3. dont take thirsty people seriously. if a dude comes at you like "i think your beautiful, sexy, gorgeous, intelligent, and everything i want in a woman" within seconds of meeting you, the thirst is obvious. if you fall for this trap, you deserve all the fucked up shit thats gonna happen to you in the future. same for males who fall for the "i only do this becuz ur special to me" shit from women they met days ago. if he says it to you within seconds, he's told other women that within seconds. if she offers to do it to you within minutes...you get where this is going. use your brain.

4. never use the words "i l*** you" to get some. no matter how bad your drought may be, this action reeks of bitchassness. don't do it. it goes against manlaw, the relationship code of ethics, the book of oprah...its just not acceptable.

5. don't send multiple people the same text, e-mail, letter, etc. telling them how much you're feeling them. just because its a drought doesn't mean you should let your "pimping" skills atrophy. use the extra time that you now have to develop and sharpen your skills to avoid future droughts. talk to yourself in the mirror, read some books and expand your vocabulary, get rid of your speech impediment, work more hours so you can buy better looking clothes, invest in the big packs of orbit they got at your local wal-mart, visit the dentist, go run around a track or at the park, lift some weights...all of these are viable alternatives to sitting around and telling a buncha people the same wack ass corny ass line.

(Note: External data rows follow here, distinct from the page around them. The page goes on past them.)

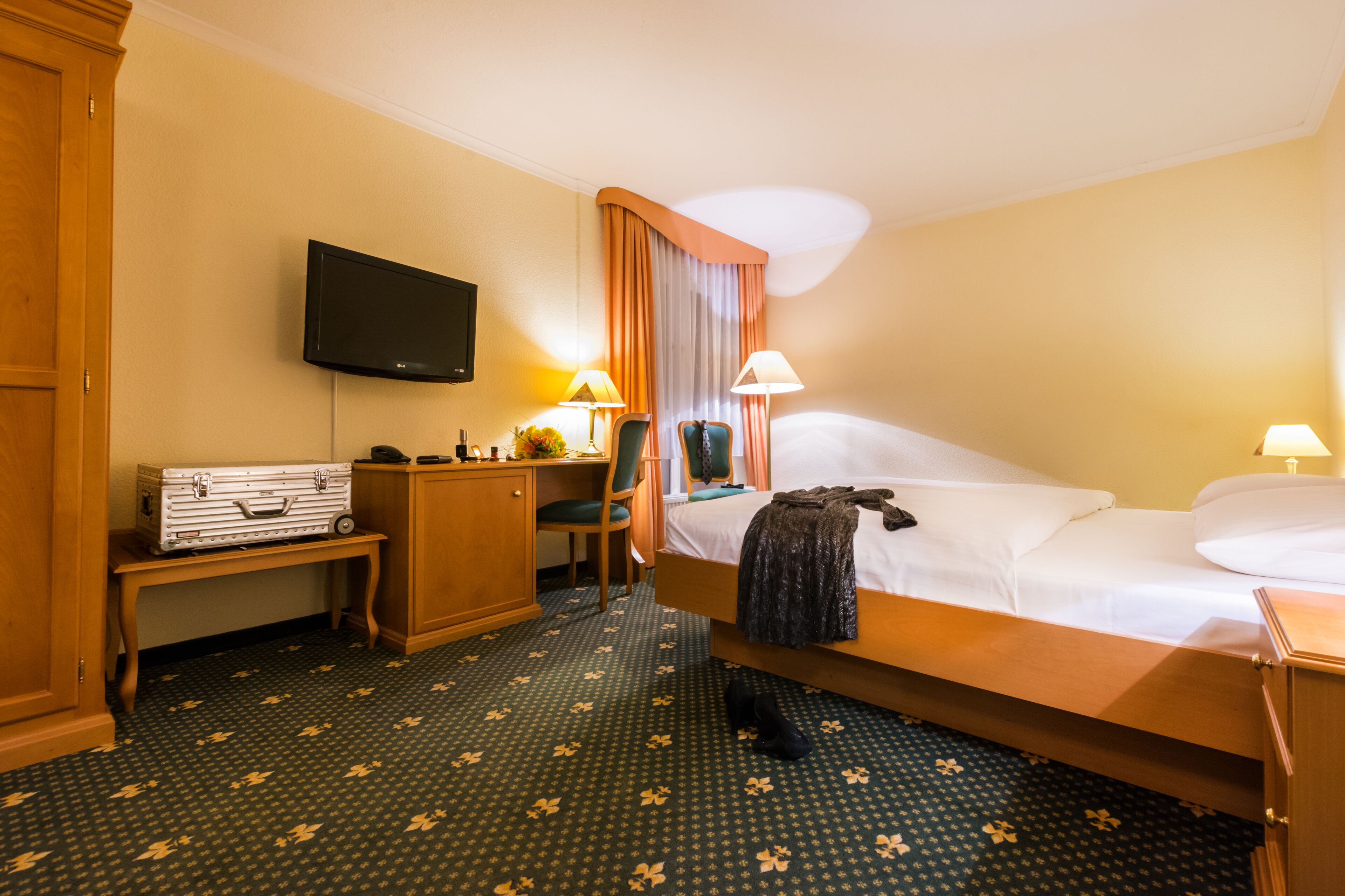 A hotel room with a bed, a desk with a suitcase, a television, and two lamps.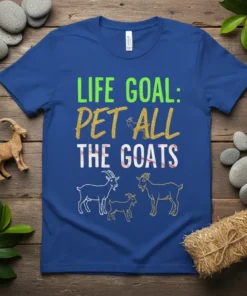 Life Goal: Pet All The Goats t-shirt design featuring green and gold text with illustrations of goats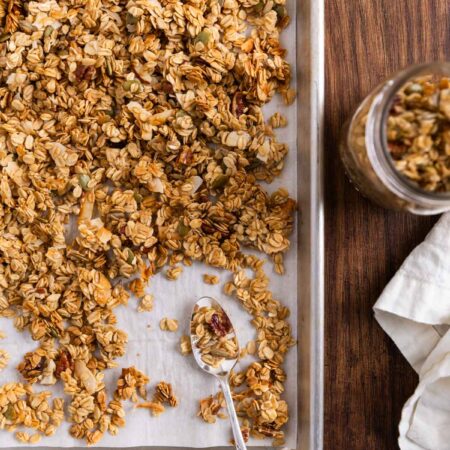 Homemade granola on an aluminum baking sheet with a spoon sitting next to it.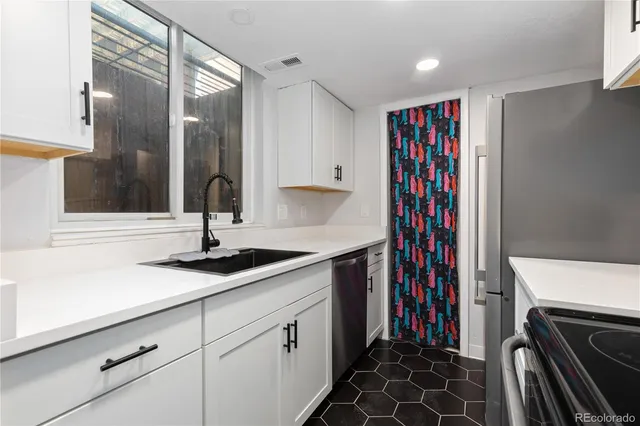 a view of a kitchen with a sink and cabinets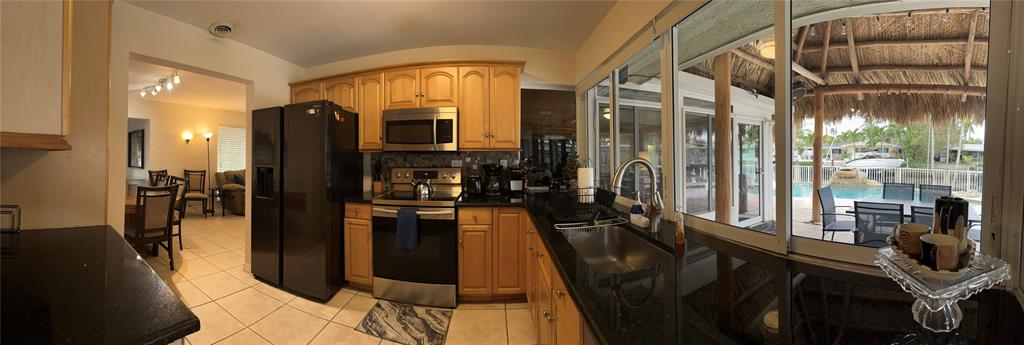 5911 Northeast 15th Avenue Fort Lauderdale, FL 33334 - Photo 14 of 21 a view of a living room with furniture and floor to ceiling window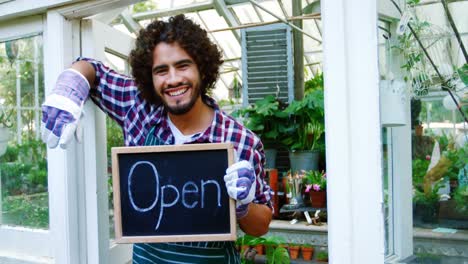 Happy-man-holding-open-sign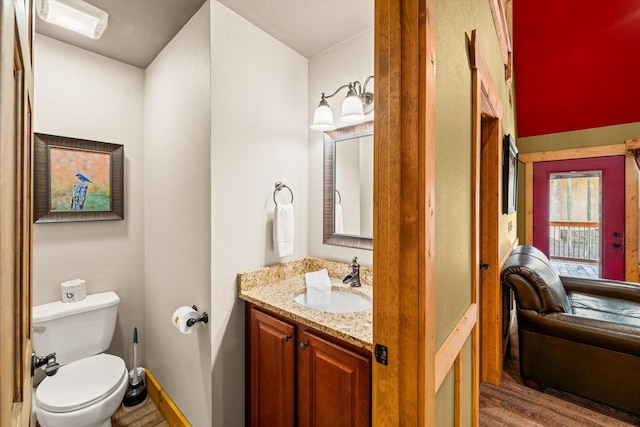 bathroom featuring hardwood / wood-style floors, vanity, and toilet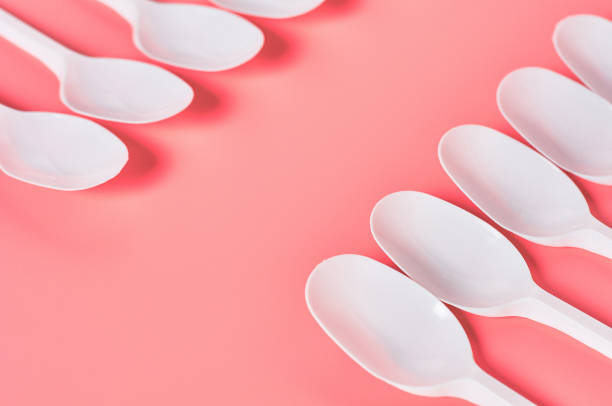 istock Rows of white disposable spoons scattered on pink background. Concept of save environment, ecology, recreation on picnic, party and other events. Copy space 1212380427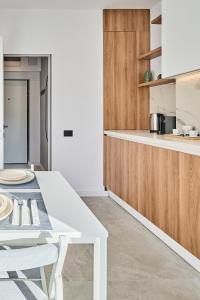 a kitchen with a white table and wooden cabinets at CHANTTAL Luxury - ACADEMY in Bucharest +20 photos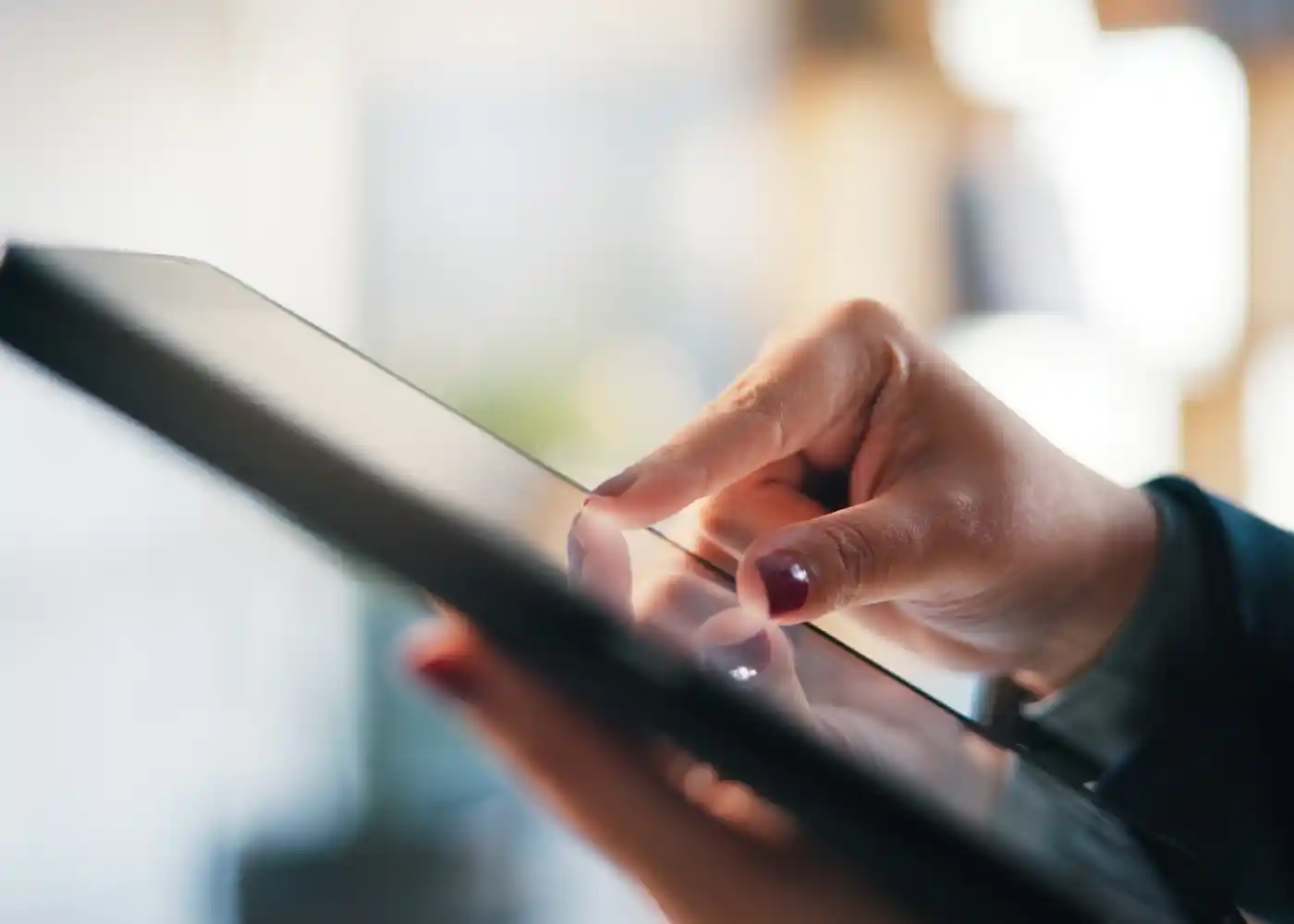 Woman reading news on tablet Woman reading news on tablet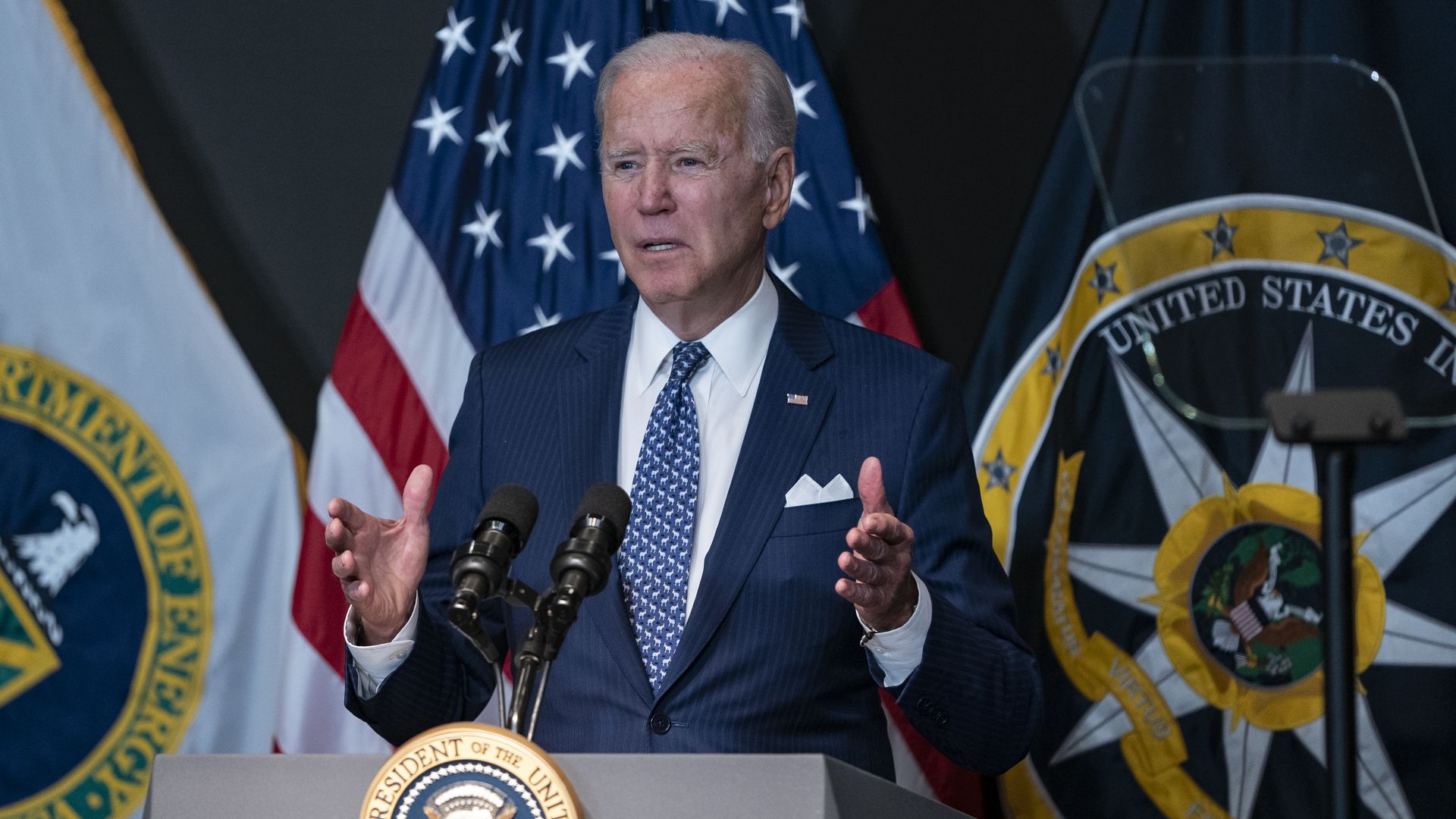 President Joe Biden delivers remarks while visiting the Office of the Director Of National Intelligence (DNI) headquarters in McLean, Virginia on Tuesday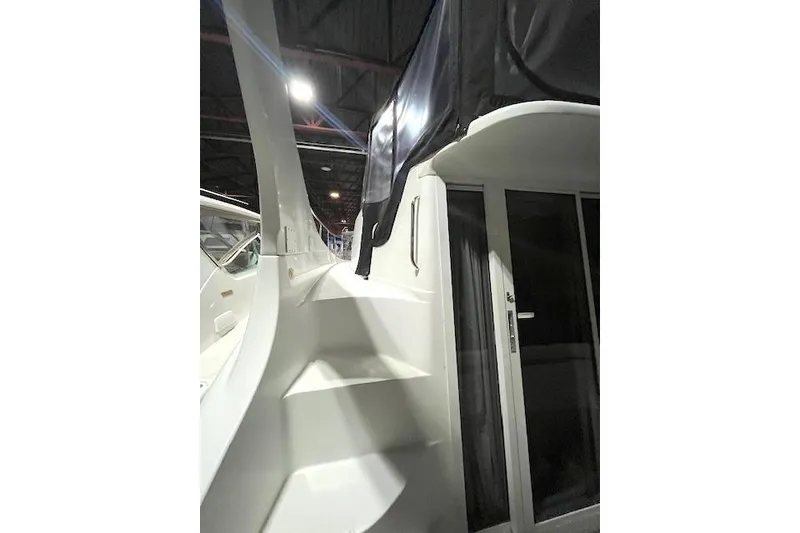 Slide: The Image of 1997 Carver 350 Mariner yacht interior with stairs and sliding door. - 25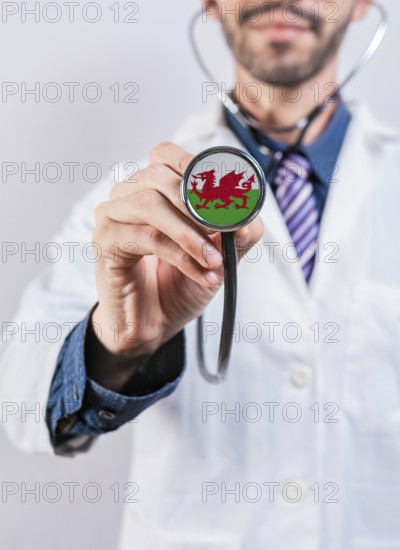 Wales health and medical insurance concept. Wales healthcare system, doctor holding stethoscope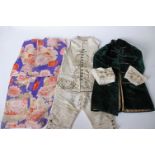 A 19th Century child's cream silk embroidered waistcoat, trousers and green velvet coat with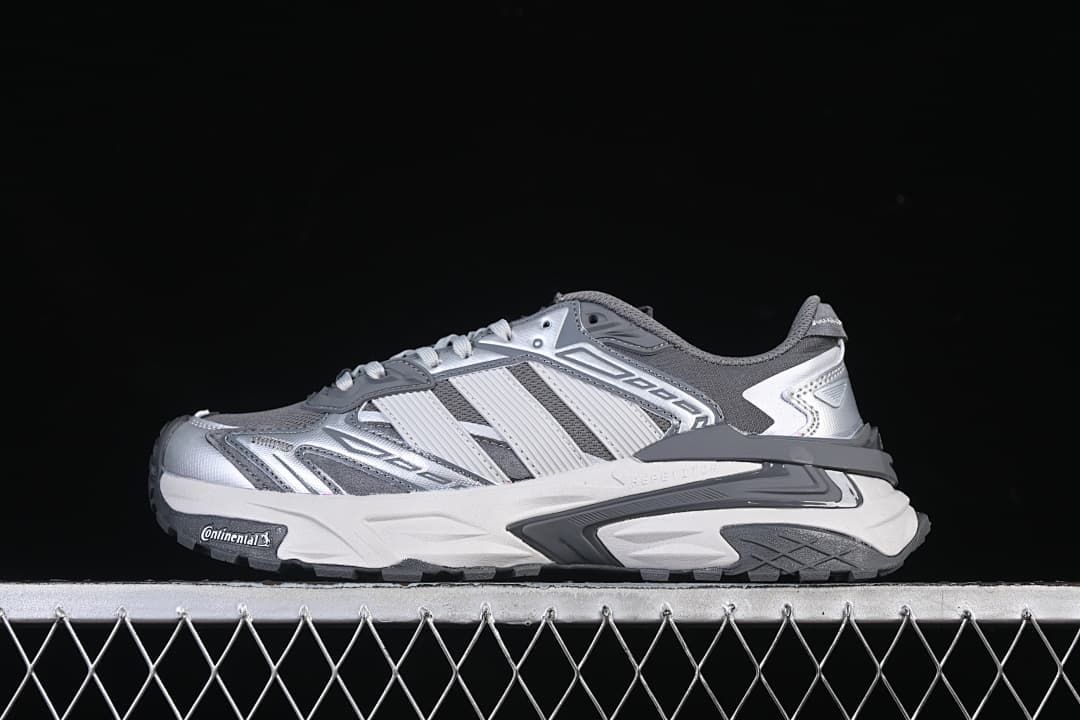 Side profile of the silver and gray sneaker against a dark background.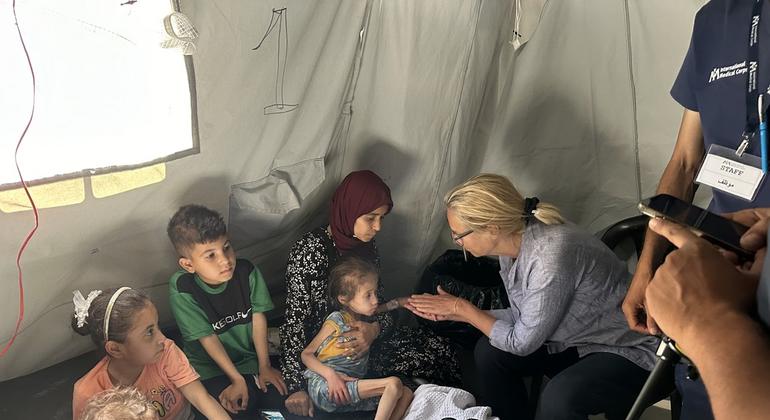 联合国驻加沙协调员西格丽德·卡格在国际医疗队中心会见一名营养不良的儿童及其家人。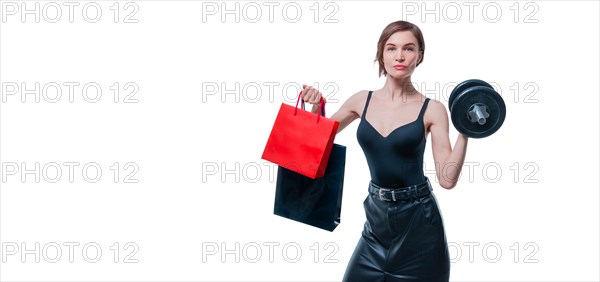 Beautiful slender woman posing in the studio with a dumbbell and gift bags. Gift concept. Gym membership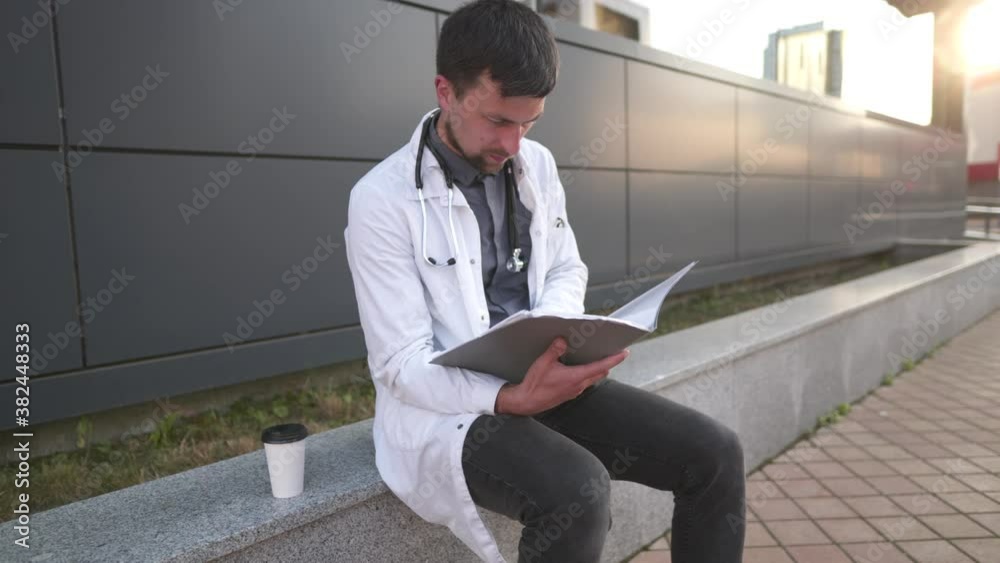 Tired overworked doctor reading medical report. Stressed doctor. Exhausted doctor resting after read medical records. Medicine concept. Tired medical physician in white coat hold folder with document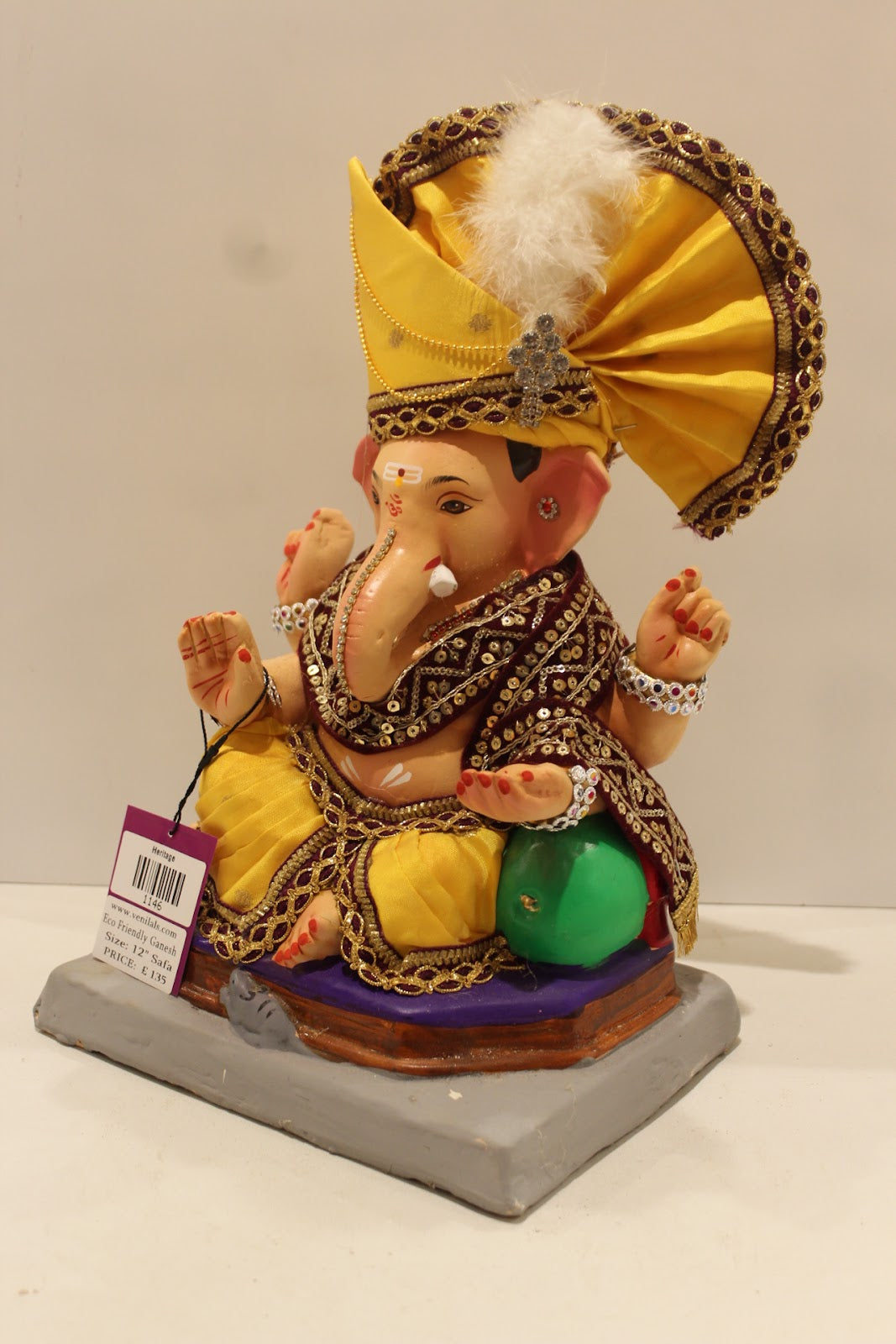 Eco-friendly clay Ganesh idol with yellow pheta and maroon embroidered robe, side view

6. opinions are mixed on how to deal with the onslaught of thirsty people that can approach you at anytime, anyplace, anywhere. i already covered how to properly interact with thirsty individuals when you yourself are a little parched as well. my personal approach is similar to that used in rule no. 2: use quality protection (i prefer the trojan magnums...i definitely dont trust durex or lifestyles), no long term relationships, and no givin head. however, should you receive head from a thirsty individual? that's a fantastic question and one i honestly can't answer. i don't but thats more of my personal preference than anything else. i guess i would say yes but be very careful...if you see too many bumps right around the lip area i wouldnt do it. theres a big difference between acne/razor bumps, and sores. but this is one rule thats kinda up in the air.

7. this is all i can think of at the moment. usually i would say something about how i can break my rules because im robert kinsey gotdamn...but in this case i can't even give myself some kind of exemption. if you see me breakin these, beat my ass.